Marlins Are Failing at Start of 2022 Season

I’m taking a detour from my politics and culture posts to provide some thoughts about my favorite baseball team, the Miami Marlins.

Once again, the Marlins are playing way below their run differential, and many of their starting position players are playing well below their career norms, including their free agent acquisition outfielders, Jorge Soler and especially Avisail Garcia, who is now hurt along with several other players temporarily out or landing on the IL with minor injuries.

As in 2021, the starting pitching has been the only area of the team consistently above average. The bullpen has been okay except in the highest leverage ninth inning situations, where the Marlins continue to blow games. The hitting, once again, has failed the most, with only Jazz Chisholm and Brian Anderson consistently perfoming well among starters who have been mostly healthy. Jon Berti, Joey Wendle and Bryan De La Cruz  have been very good as utility guys, with Wendle playing a lot until his injury (he’s back now).

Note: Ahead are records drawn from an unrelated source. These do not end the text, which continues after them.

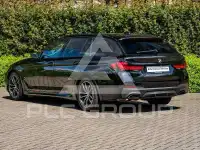 2021 BMW 530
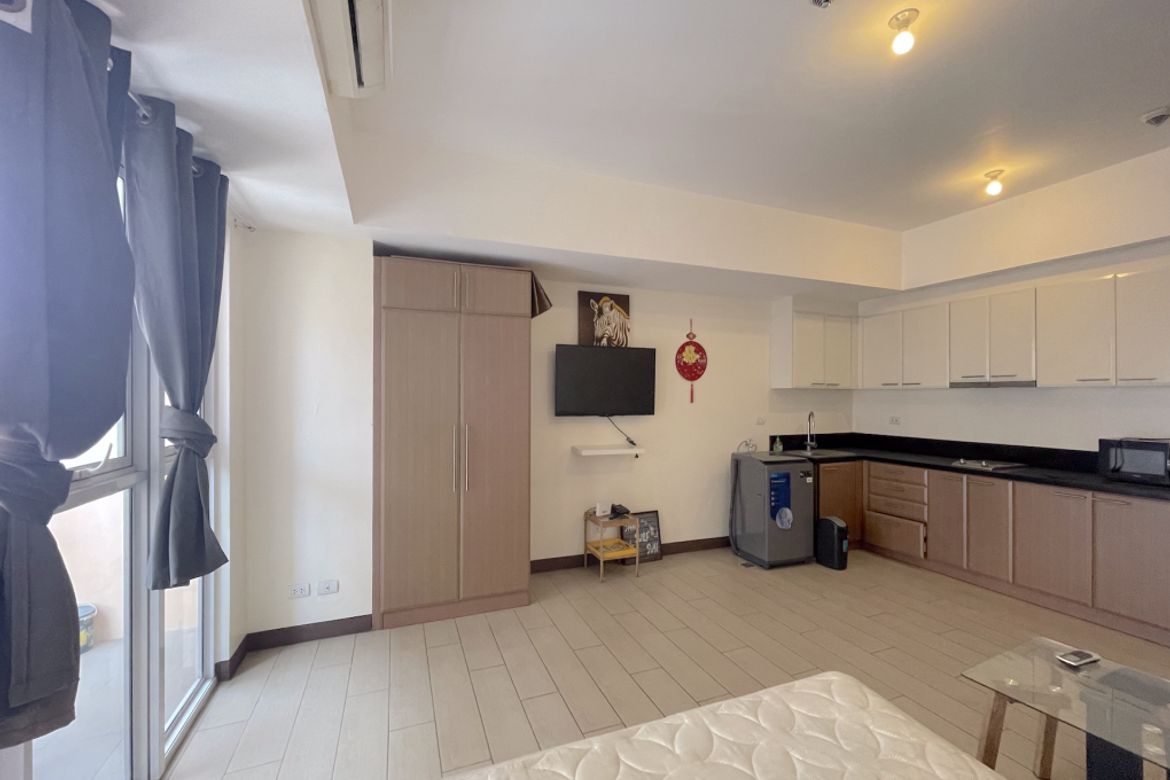 Condo for Sale in The Venice Luxury Residences, McKinley Hill, Taguig, Metro Manila – photo 7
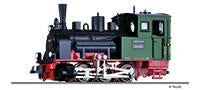 Tillig 2913 HOm Steam locomotive No. 1 "Neustadt" of the NKB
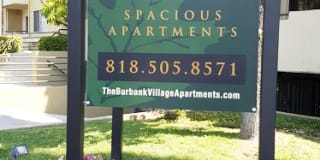 Burbank Village Apartments Gallery 16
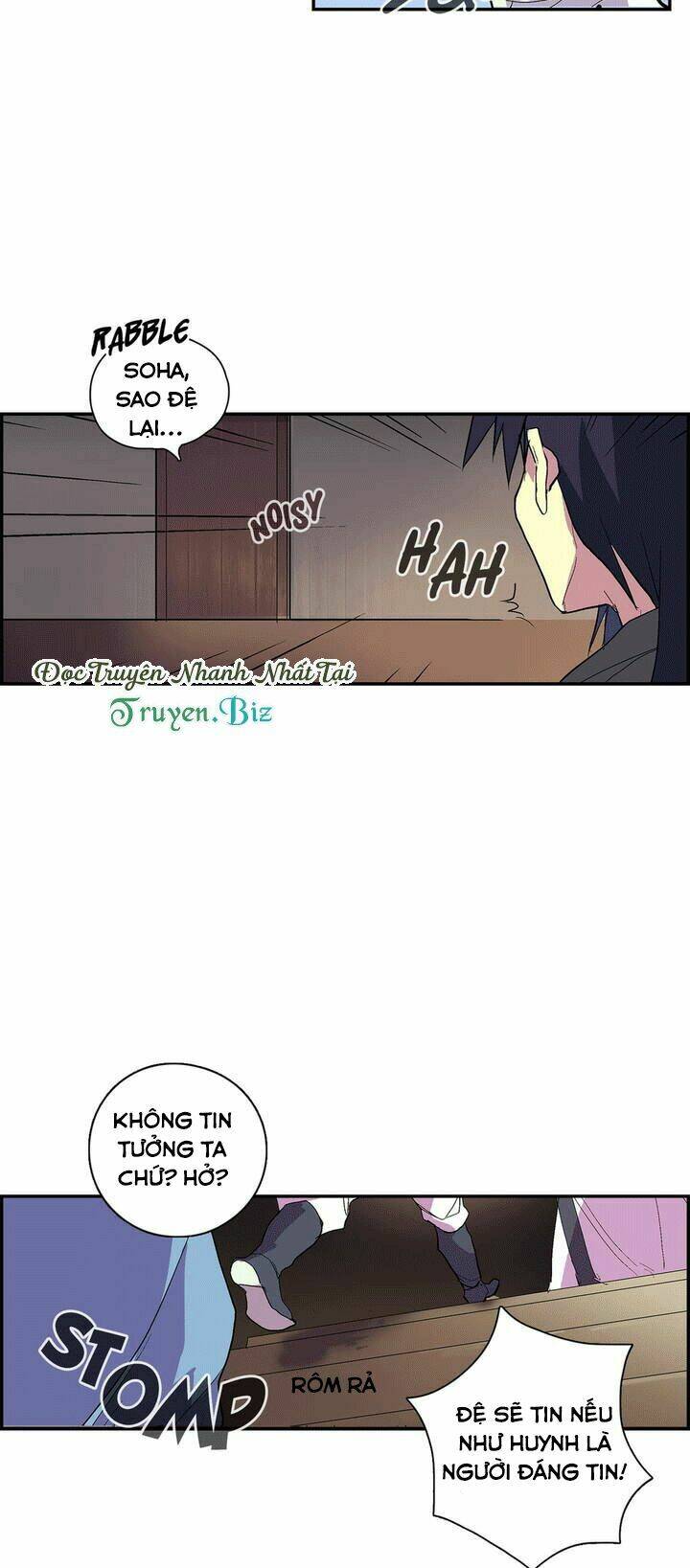 biên niên sử lãnh nguyệt chapter 9 9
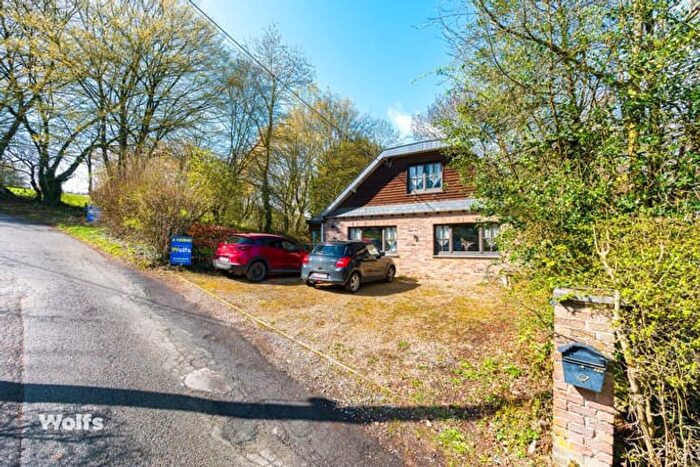 Huizen Koop Huur - 2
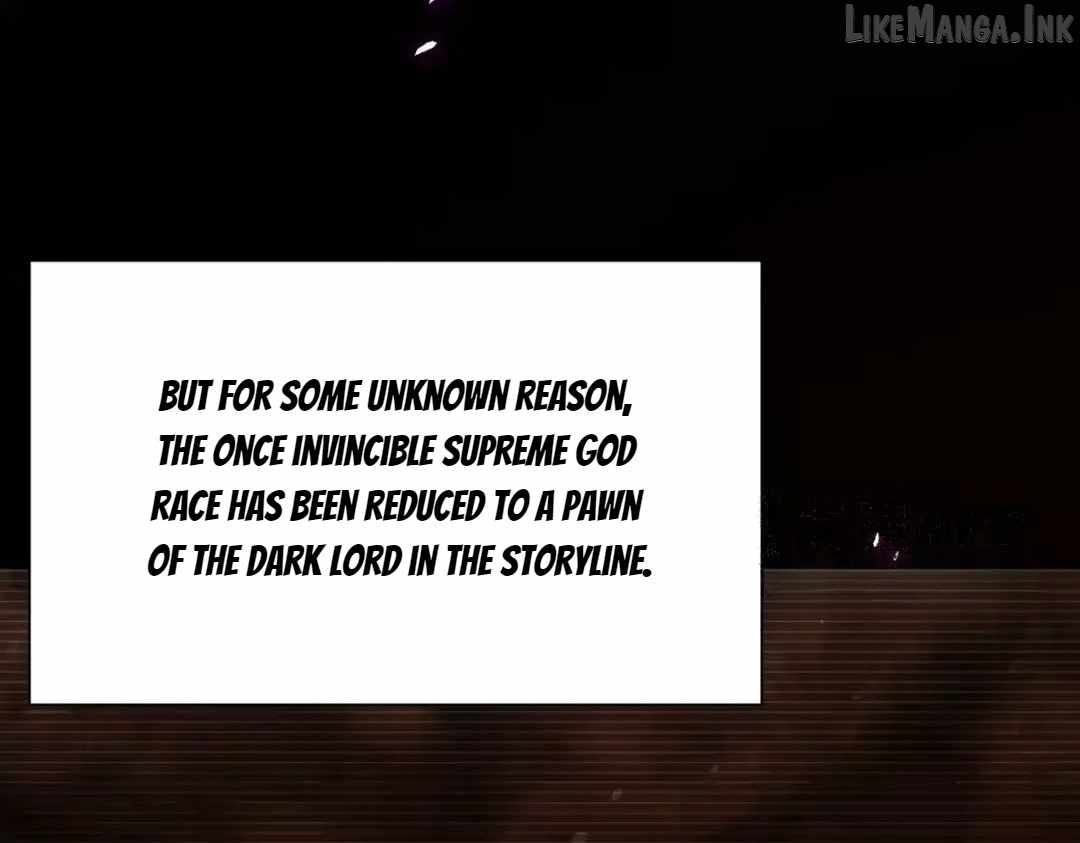 I Rely on My Invincibility to Deal Tons of Damage Passively! — Chapter 191 — page 7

Since the new ownership took office and the new front office was consolidated under CEO Derek Jeter (who left before the 2022 season started) and now under Kim Ng and a nucleus that has been in place well before Ng, the organization has been mired in mediocrity. On the plus side, the overhaul of the Loria-era roster has produced a farm system loaded with pitching depth at every level. On the negative side, the organization has been among the worst of any MLB team in developing hitters and in plugging their roster with free agents that add value to the big league club.

The result for the MLB team for 2021 and again in 2022 has been a frustrating mess: in both years, to start the season, the team had outscored its opponents through the first 42 games. Yet, due to low run production and an inconsistent bullpen, the team has produced a woeful 18-24 start (now 18-25 in 2022), well below the pace of what just about all of the best statistical outlets predicted. Fangraphs predicted an 81-81 season. Baseball Prospectus 80-82, individual prognosticators for MLB.com predicted in the mid 70s. I picked 79 wins and a fourth place finish (they are in fourth place now amidst a very slow starting division outside the Mets) and former Baseball Prospectus writer Joe Sheehan predicted 85 wins.  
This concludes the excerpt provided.